Ando’s Note: Blogger still will not let me post images. Is anyone else having this problem?
You may recall a post on this very blog a few months ago about a little rat problem we were having. You may also recall a post about our Houdini of a dog, Jackson. Well, the rats are no longer a problem, and for a little bit we weren’t sure if we’d have to worry about Jackson escaping anymore.
Last night Jennifer and I were checking out the latest real estate offerings in southern Indiana and Jackson was upstairs jumping up on the couch, barking at the trees blowing in the breeze, and being generally obnoxious. Jen decided he might be better off downstairs with us. Our office/laundry room is connected to our garage and the door had been left open and Jackson wandered in. Suddenly I realized that I had placed a couple of rat poison traps in the garage and jumped up to get Jackson out of there before he discovered them. Too late. As I reached the garage door I heard him poking at one of the bait traps that was under a workbench. I yelled for him to come, but when he did he had the entire bait box firmly in his jaws. Jackson is not a very big dog, but he has jaws of steel. I knew there was no way I could pry it out of his mouth, at least not without spilling a 1/4 box of rat poison down his gullet. This is not an uncommon game. He likes to grab things he knows he’s not supposed to have and then hold them hostage until we either ignore him and it isn’t fun anymore, I assault him with a barrage of spray bottle fire, or we trade him for a treat. I was all for trading for the treat in this case. I held onto the box so he wouldn’t take off and Jen ran to get the treats. The trade was carried out succesfully, but we weren’t sure if he had actually ingested any of the poison. I didn’t think he had but we decided to call the pet emergency room anyway and they said we should bring him so they could make him throw up. So off to Pet Care we went.
Walking into the lobby, they must have thought we were white trash fresh from the trailer park (no offense to J Crew and Ping). We were both dressed in shorts, t-shirts, and flip-flops, and not the stylish kind that all the kids are wearing these days.

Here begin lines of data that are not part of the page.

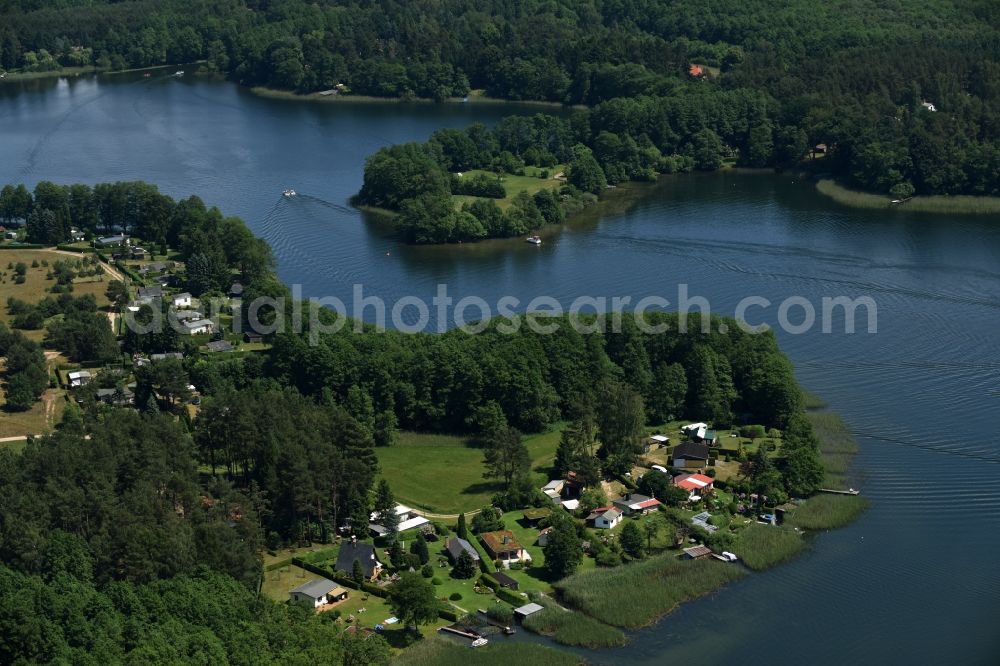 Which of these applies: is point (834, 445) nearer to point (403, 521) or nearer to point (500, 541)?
point (500, 541)

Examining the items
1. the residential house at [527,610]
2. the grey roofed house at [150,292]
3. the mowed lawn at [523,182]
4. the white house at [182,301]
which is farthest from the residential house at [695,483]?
the mowed lawn at [523,182]

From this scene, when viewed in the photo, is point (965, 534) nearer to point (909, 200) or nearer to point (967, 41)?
point (909, 200)

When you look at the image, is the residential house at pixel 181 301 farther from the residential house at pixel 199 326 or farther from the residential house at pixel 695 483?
the residential house at pixel 695 483

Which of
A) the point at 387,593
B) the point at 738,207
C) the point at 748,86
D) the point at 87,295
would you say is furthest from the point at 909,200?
the point at 387,593

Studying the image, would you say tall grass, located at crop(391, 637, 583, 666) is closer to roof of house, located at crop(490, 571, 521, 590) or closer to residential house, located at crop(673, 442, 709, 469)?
roof of house, located at crop(490, 571, 521, 590)

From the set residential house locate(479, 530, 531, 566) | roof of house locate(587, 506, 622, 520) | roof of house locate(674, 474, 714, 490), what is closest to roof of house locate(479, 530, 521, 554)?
→ residential house locate(479, 530, 531, 566)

My Heavenly Hamburger shirt had a big stain on the front, I had about six days of growth on my face, and am in desperate need of a haircut. If you see my neck from behind you’ll think you bumped into the Wolfman. Jen looked as radiant as ever…at least as much as a trailer park babe can. We told the receptionist the problem and she took the leash and tried to get him to step up on the scale to be weighed. Jackson does not like to go to the vet. He knows that when he goes there, they’re going to poke him, and stick things in bad places, and it is going to be an all-in-all unpleasent experience. His response to this is to make everyone else’s experience equally unpleasent. He refused to get on the scale and had to literally be dragged onto it. As she was going down the hallway we warned the nurse that he dosen’t always care for strangers and he may try to bite off her face.

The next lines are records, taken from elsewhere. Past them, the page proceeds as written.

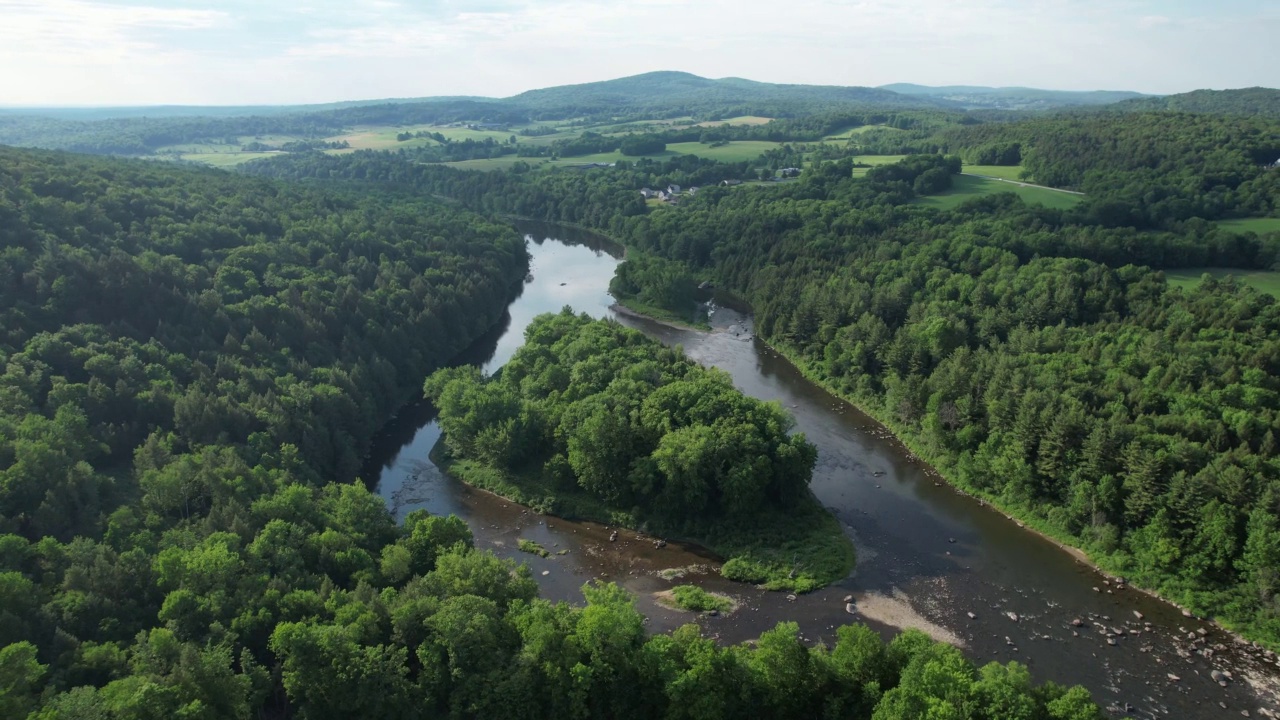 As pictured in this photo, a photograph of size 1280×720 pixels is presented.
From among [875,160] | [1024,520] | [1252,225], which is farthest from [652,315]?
[875,160]

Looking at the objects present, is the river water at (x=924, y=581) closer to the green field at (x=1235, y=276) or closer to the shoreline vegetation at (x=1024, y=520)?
the shoreline vegetation at (x=1024, y=520)

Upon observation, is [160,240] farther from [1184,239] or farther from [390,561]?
[1184,239]

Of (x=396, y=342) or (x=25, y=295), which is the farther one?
(x=396, y=342)

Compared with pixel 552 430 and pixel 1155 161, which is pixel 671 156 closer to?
pixel 1155 161

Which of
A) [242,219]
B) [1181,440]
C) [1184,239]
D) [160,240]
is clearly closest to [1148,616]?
[1181,440]

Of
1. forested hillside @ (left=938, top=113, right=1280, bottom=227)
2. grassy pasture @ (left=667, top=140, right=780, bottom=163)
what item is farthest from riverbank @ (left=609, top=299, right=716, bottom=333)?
grassy pasture @ (left=667, top=140, right=780, bottom=163) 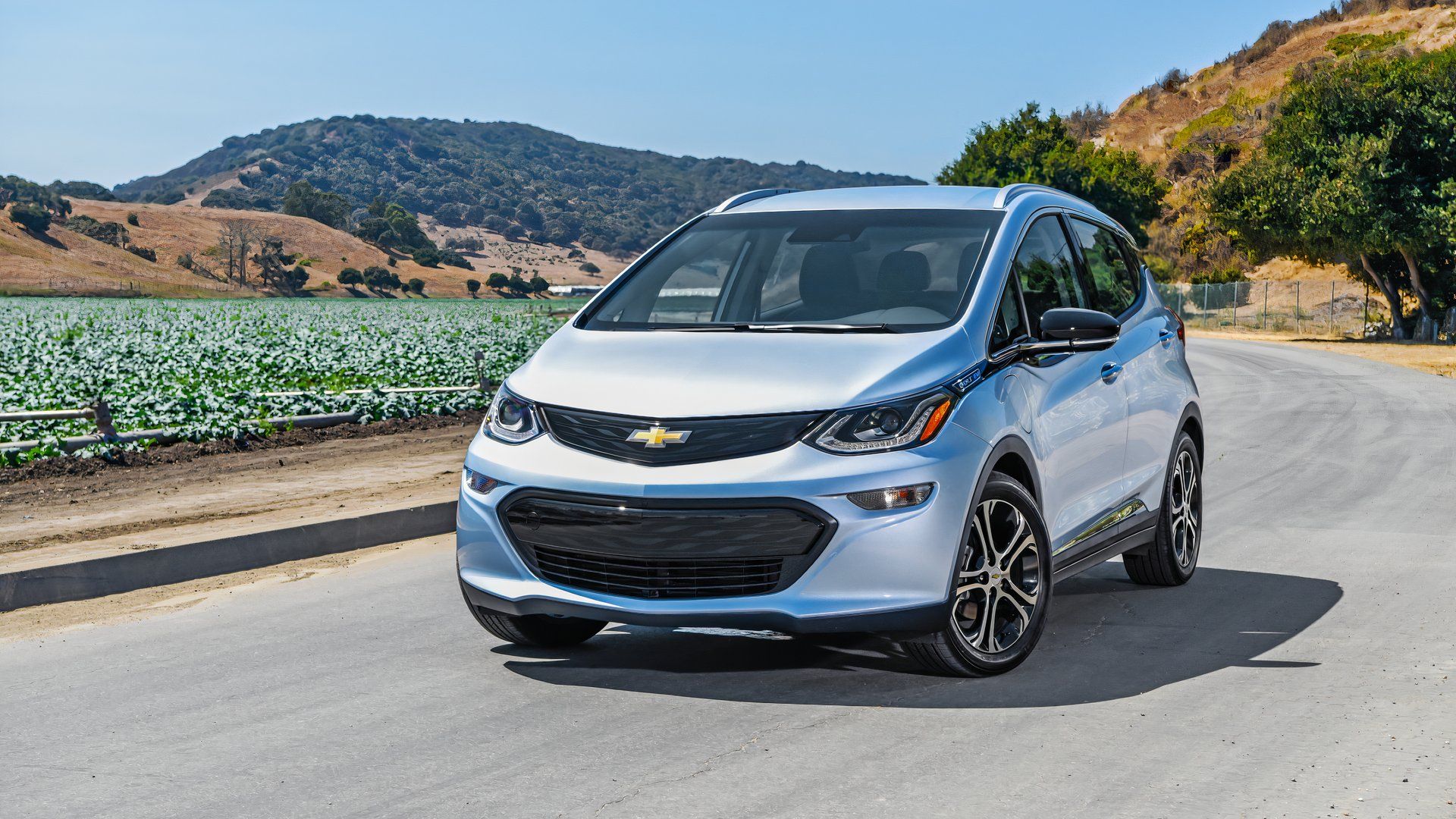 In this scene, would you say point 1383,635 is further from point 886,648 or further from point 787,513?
point 787,513

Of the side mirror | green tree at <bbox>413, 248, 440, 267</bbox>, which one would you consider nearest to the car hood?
the side mirror

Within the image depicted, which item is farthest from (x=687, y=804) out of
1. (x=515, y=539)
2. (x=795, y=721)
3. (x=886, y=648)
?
(x=886, y=648)

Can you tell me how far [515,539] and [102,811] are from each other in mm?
1757

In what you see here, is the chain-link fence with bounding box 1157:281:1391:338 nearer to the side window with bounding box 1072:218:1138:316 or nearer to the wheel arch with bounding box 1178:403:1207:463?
the wheel arch with bounding box 1178:403:1207:463

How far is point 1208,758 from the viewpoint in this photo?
4.95 meters

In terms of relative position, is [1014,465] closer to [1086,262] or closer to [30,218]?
[1086,262]

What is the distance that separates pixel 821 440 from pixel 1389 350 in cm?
4562

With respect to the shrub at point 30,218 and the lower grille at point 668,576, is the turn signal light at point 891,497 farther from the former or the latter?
the shrub at point 30,218

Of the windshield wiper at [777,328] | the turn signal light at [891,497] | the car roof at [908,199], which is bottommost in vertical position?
the turn signal light at [891,497]

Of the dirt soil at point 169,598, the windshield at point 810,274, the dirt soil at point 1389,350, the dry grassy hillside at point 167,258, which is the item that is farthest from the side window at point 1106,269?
the dry grassy hillside at point 167,258

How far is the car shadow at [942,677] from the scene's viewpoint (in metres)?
5.81

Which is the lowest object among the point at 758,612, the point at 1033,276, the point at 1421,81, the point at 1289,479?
the point at 1289,479

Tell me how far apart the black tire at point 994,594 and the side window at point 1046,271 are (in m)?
0.89

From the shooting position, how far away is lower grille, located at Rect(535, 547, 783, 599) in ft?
17.7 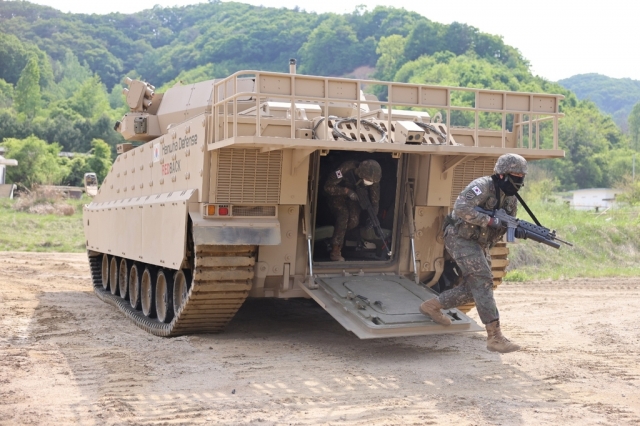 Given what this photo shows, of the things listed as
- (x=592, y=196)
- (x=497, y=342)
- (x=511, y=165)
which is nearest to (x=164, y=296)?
(x=497, y=342)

Then we waited. Animal doctors offices are not much different than people doctors offices, except they’re patients have two extra legs in most cases. After a few minutes in the lobby the receptionist told us we could go into the exam room and the doctor would be in shortly. Message decoded: go into this room that has no magazines to read and wait another 20 to 30 minutes. At least in this office we didn’t have to wear a paper nightgown. Finally, the vet came in and gave us the scoop: no rat poison found. Huzzah! She did say that he was being a little difficult. He was growling and acting rude, so they muzzeled him. Somehow in the process he flipped out and managed to wiggle out of both the muzzle and his gentle leader head collar and was thrashing about the exam room with nothiing to restrain him. If I believed in reincarnation, I’d swear our dog actually is Houdini. I had this cartoon mental image of him backed up in a corner, hairs on his back bristling, bearing his teeth and drooling while, five or six vet staff surround and try to subdue him. I wish I was an artist so I could draw you the picture. It’s pretty funny. Finally they mangaed to get the muzzle back on. They didn’t tell us how. Maybe they had the hunter from Jurassic Park come in and blast him with a dinosaur tranqualizer. “Clever, girl.” Once they got the muzzle on him they had to give him two of the shots to make him throw up. Apparently one is normally all that is required, but his adrenaline was pumping so much, the first one just mildly sedated him.
When the nurse brought him back in, he looked a little beaten down. His ears were back, his head was lowered and he still had some chunks on his front paws. “He wouldn’t let us clean his paws.”, she said. He also stunk to high-heaven. He smelled like he had been swimming in a vat of fish food. We walked back to the lobby paid our $126 and took the boy home to have a bath.
Not the way we anticipated spending the waning hours of our weekend, but then that’s Jackson. We’re never quite sure what to expect next.